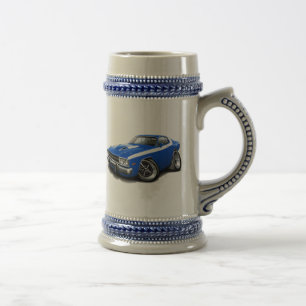 Chope À Bière Voiture 1973-74 Bleu-Blanche de Roadrunner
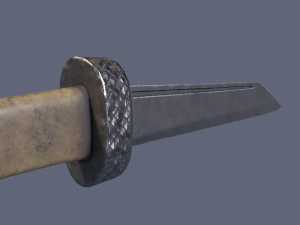 Bone knife Modello 3D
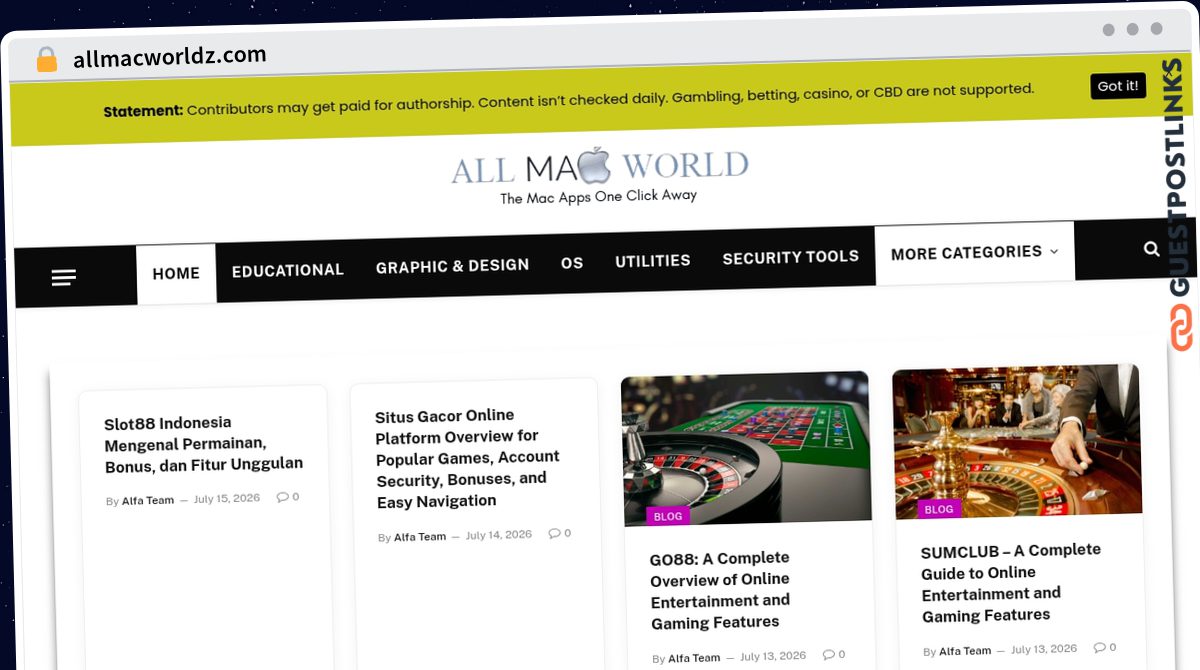 Publish Guest Post on allmacworldz.com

BRIEF
Repeat the material above in full and exactly, omitting the pictures.

SOLUTION BELOW
 Chope À Bière Voiture 1973-74 Bleu-Blanche de Roadrunner
 Bone knife Modello 3D
 Publish Guest Post on allmacworldz.com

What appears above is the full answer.